● **How to complete this task**
Could you copy exactly the lines below, beginning at the line with "Money, cash dollars" and stopping after the line with "Girl standing in", with no pictures?

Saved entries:
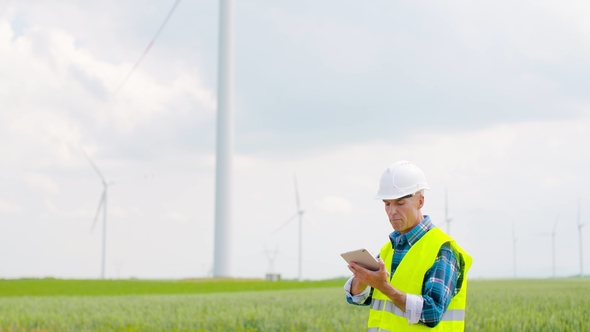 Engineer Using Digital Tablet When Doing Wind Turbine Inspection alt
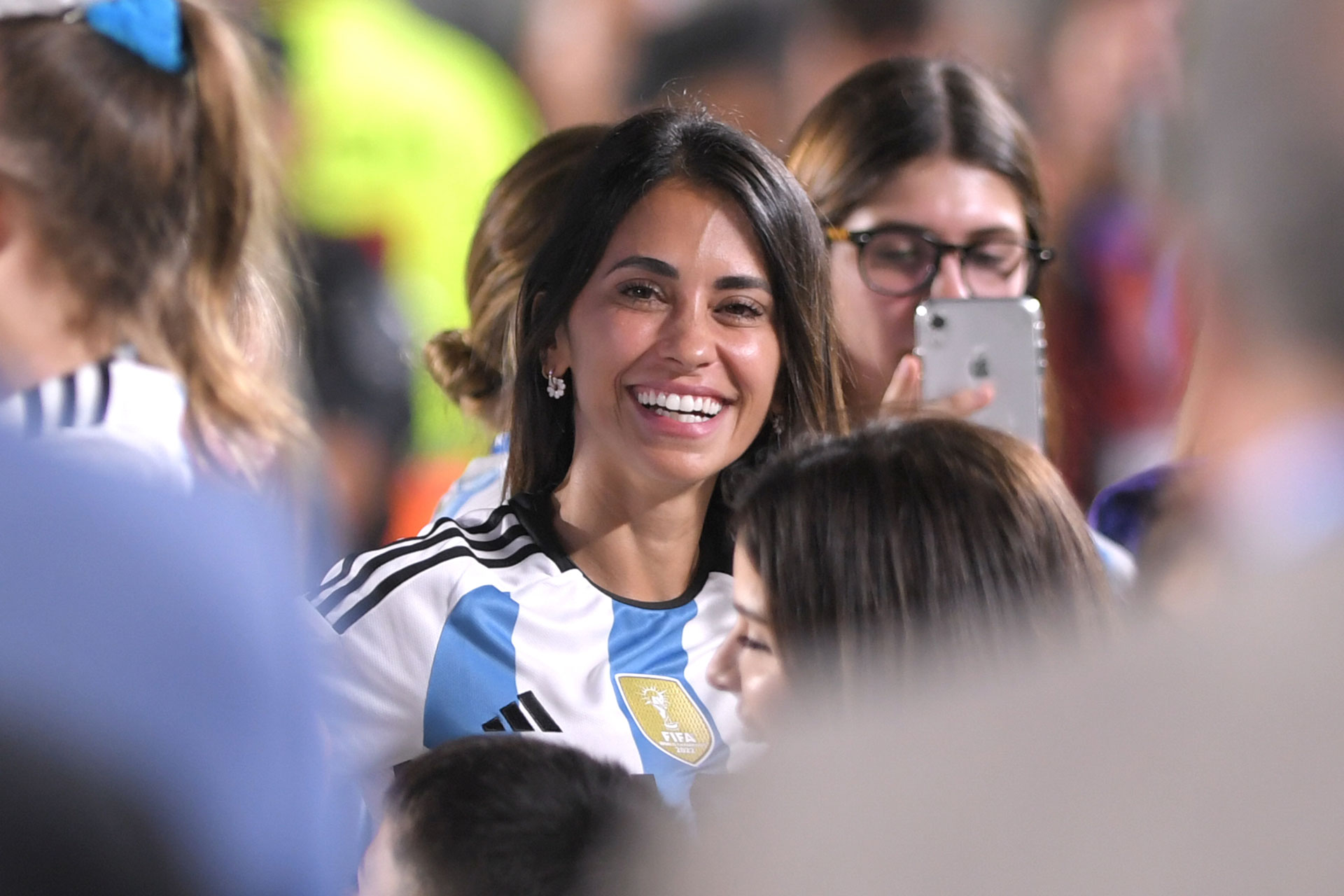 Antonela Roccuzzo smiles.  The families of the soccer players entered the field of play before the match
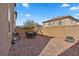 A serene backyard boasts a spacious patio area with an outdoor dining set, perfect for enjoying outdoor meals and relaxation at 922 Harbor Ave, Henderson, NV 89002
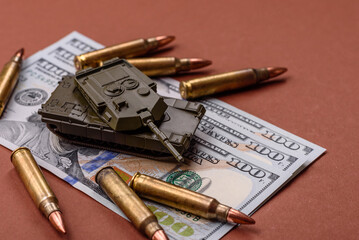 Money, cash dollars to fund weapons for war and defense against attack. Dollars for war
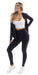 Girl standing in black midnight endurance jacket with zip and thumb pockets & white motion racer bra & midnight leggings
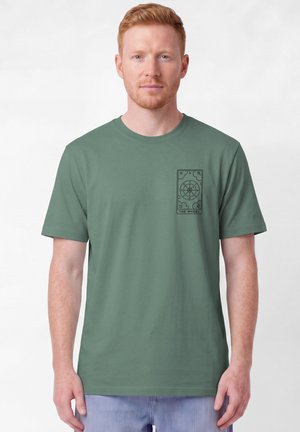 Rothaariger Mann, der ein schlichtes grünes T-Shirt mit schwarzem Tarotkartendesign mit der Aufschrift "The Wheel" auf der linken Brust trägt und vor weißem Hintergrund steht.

==

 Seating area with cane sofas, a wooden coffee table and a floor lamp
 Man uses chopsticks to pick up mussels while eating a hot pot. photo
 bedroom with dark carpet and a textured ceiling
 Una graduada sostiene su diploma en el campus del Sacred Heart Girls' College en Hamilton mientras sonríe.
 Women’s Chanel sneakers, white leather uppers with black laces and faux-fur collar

● **Completed exercise**
 Money, cash dollars to fund weapons for war and defense against attack. Dollars for war
 Girl standing in black midnight endurance jacket with zip and thumb pockets & white motion racer bra & midnight leggings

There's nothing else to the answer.